Acho que este é que é o cerne do problema: o telemóvel alterou irreversivelmente a nossa relação com o telefone. Agora, não somos nós que temos que estar junto do telefone para podermos comunicar, é o telefone que tem que estar connosco, e já. Com o telemóvel, a comunicação tornou-se uma coisa imediata, rápida, não planeada. Não precisamos de nos dirigir a um telefone, porque o telefone está aqui na nossa mão.

O lugar do telefone na nossa vida mudou. Antes, o lugar onde estava o telefone era um ponto âncora da família e das nossas relações: o lar era o sítio onde estava o telefone. Agora, o telefone vai connosco para a toda a parte, é um instrumento deste nomadismo moderno e cosmopolita que nos permite manter intactas as nossas relações independentemente do sítio onde nos encontremos.

Durante algum tempo, as pessoas tinham relutância em usar livremente o telemóvel, porque sabiam que era mais caro; mas, agora, usam-no de forma cada vez mais impensada, mesmo não ignorando que continua, em muitas situações, a ser mais caro. É claro que é mais caro, exactamente do mesmo modo que a TV Cabo é mais cara do que a recepção por antena, mas o facto é que cada vez menos gente se rala com issso.

Com tudo isto, o telefone fixo tornou-se um artefacto obsoleto, uma coisa da avozinha, um resquício de um tempo que, embora possa despertar alguma nostalgia, já não existe. Este é que me parece ser o problema central que é preciso enfrentar.

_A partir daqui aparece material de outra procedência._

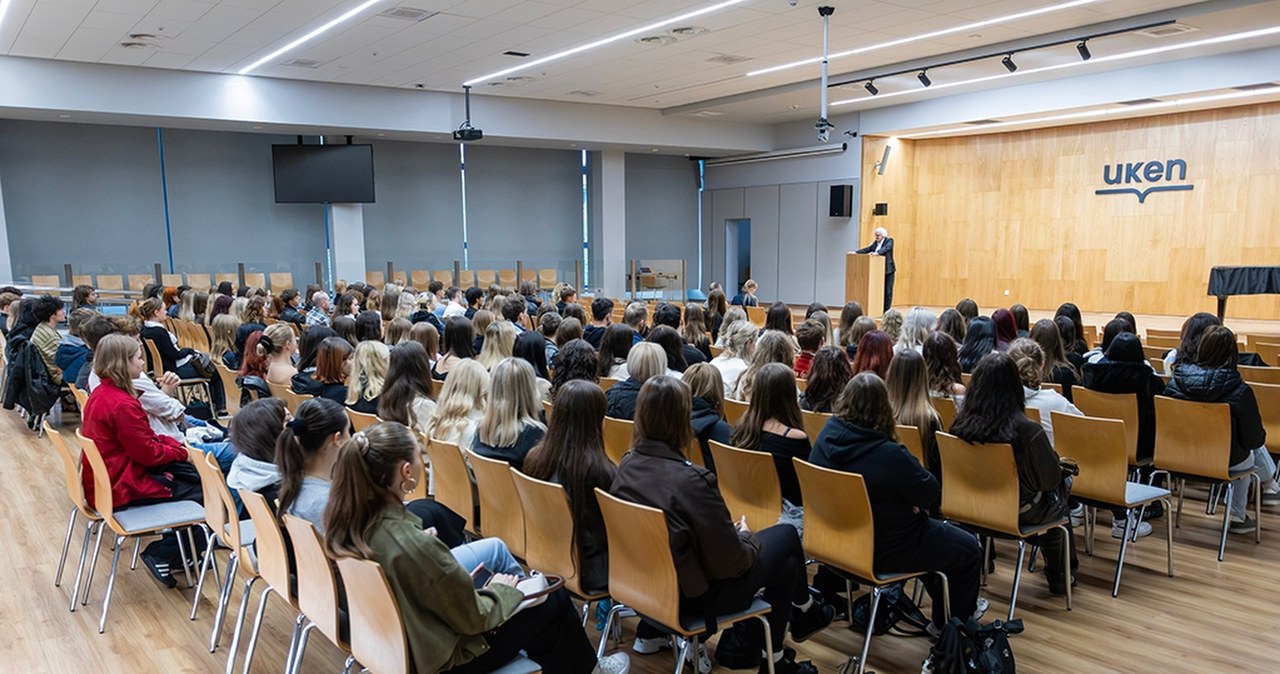 UKEN w Krakowie o zamkniętym kierunku: Nikt nie został na lodzie
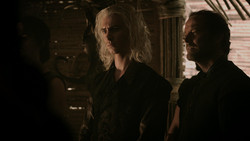 extant_GameOfThrones_1x06-AGoldenCrown_1643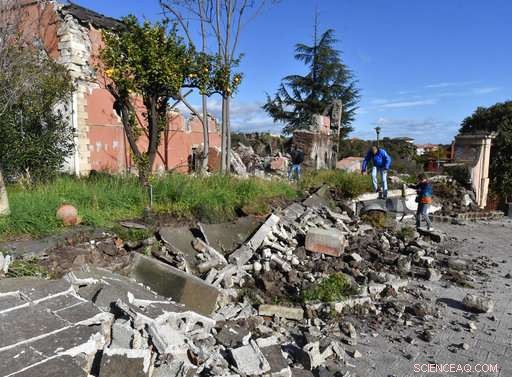 Mount Etna Seismic Surge Shakes Sicily, Evokes Panic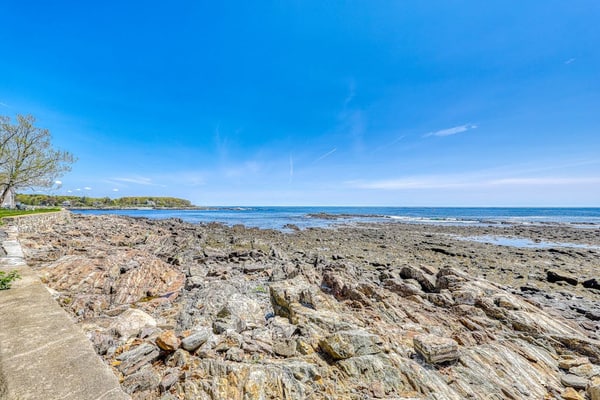 Charming oceanfront house with incredible beach views, BBQ area & firepit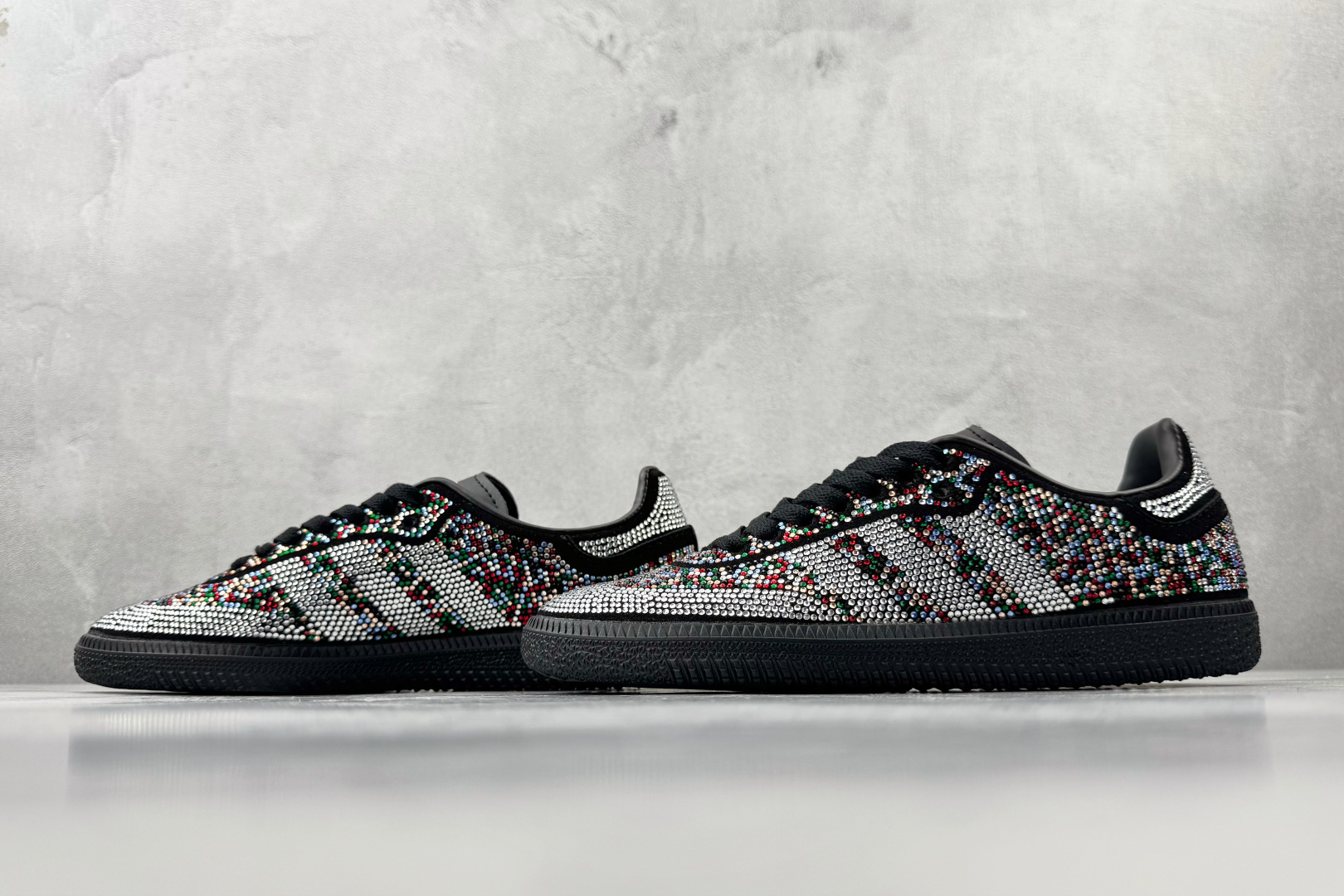 出口订单 adidas originals SAMBA 黑色 KJ2510 出口订单 adidas originals SAMBA 黑色 KJ2510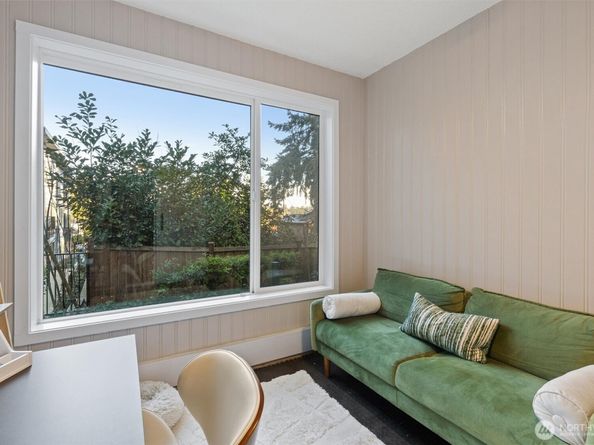 2126 N 147th Street D, Shoreline WA 98133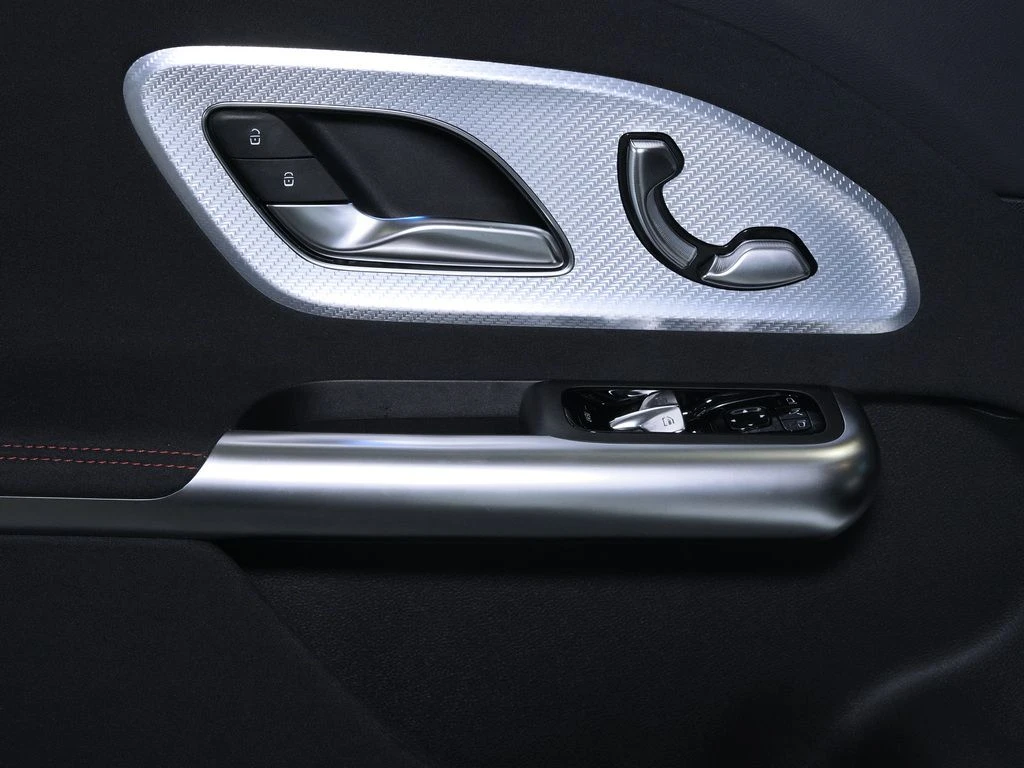 Mercedes-Benz-GLB 200-image-7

Para resolver isto, desconfio que não será suficiente dizer às pessoas que as chamadas móveis são mais caras, algo que, para além de nem sempre ser verdade, as pessoas já sabem.

O que é necessário é reposicionar o telefone fixo. Mas será isso possível?

Em primeiro lugar, o telefone fixo tem uma série de vantagens inquestionáveis sobre o móvel. Por exemplo: praticamente nunca ocorrem falhas de cobertura ou de ligação; não corre o risco de ficar sem bateria; os telefones não se avariam com tanta facilidade; os telefones não são roubados com tanta facilidade; os telefones não se perdem com tanta facilidade; nunca se tem que pagar as chamadas que os outros nos fazem.

Para além disso, o telefone fixo pode ter hoje muitas funcionalidades a que se habituaram os utilizadores dos telemóveis. Assim, basta não terem fios para que possam ser usados pela casa toda, o que já resolve muitos problemas. Depois, podem ter voice mail, transferência de chamadas, agenda, SMS, indicação de quem está a ligar ou ligou, toques personalizados, etc., etc. Aparentemente, uma grande maioria das pessoas não sabe disso.

Tudo isto é interessante, mas não é, a meu ver, decisivo. O telefone fixo só pode regressar ao centro das atenções se for reposicionado como um artefacto inovador, com potencial para simplificar a nossa vida e torná-la mais agradável. E isso só pode suceder se o fixo for associado a soluções tecnológicas de vanguarda.

Muito mais haveria a dizer sobre isto; mas, para já, fico-me por aqui.